== Exercise details ==
Return, character for character, the lines from the one bearing "2023 Chevrolet Blazer" through the end of the material. Omit everything before that line.

== Listed records ==
——————
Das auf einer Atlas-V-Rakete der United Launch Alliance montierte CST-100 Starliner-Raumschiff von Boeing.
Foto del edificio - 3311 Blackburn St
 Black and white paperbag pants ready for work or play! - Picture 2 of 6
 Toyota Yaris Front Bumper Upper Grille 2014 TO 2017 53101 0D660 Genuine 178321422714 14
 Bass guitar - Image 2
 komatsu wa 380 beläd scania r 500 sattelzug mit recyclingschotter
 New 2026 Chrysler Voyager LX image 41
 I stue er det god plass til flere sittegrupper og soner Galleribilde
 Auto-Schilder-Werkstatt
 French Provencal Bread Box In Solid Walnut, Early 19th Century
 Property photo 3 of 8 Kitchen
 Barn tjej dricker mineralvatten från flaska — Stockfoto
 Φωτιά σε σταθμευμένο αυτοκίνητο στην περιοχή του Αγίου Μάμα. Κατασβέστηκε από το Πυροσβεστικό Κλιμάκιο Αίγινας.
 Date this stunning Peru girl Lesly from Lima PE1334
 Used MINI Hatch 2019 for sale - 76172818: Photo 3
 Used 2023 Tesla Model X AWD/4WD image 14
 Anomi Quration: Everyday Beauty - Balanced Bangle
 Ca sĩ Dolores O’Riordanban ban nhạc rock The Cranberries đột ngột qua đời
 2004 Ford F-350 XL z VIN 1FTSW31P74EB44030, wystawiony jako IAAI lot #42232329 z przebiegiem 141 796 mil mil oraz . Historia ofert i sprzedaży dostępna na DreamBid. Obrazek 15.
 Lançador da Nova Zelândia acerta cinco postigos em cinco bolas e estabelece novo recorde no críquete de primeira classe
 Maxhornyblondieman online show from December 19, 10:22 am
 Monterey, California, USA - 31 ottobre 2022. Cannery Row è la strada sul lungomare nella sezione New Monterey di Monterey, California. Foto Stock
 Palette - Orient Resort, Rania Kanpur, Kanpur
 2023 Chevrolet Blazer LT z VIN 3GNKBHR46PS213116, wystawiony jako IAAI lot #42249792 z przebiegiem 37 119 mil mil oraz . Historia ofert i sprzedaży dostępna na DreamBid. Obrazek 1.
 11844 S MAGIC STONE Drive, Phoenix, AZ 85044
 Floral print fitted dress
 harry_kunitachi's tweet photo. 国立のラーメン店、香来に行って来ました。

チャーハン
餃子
——————
== Answer to this task ==
 2023 Chevrolet Blazer LT z VIN 3GNKBHR46PS213116, wystawiony jako IAAI lot #42249792 z przebiegiem 37 119 mil mil oraz . Historia ofert i sprzedaży dostępna na DreamBid. Obrazek 1.
 11844 S MAGIC STONE Drive, Phoenix, AZ 85044
 Floral print fitted dress
 harry_kunitachi's tweet photo. 国立のラーメン店、香来に行って来ました。

チャーハン
餃子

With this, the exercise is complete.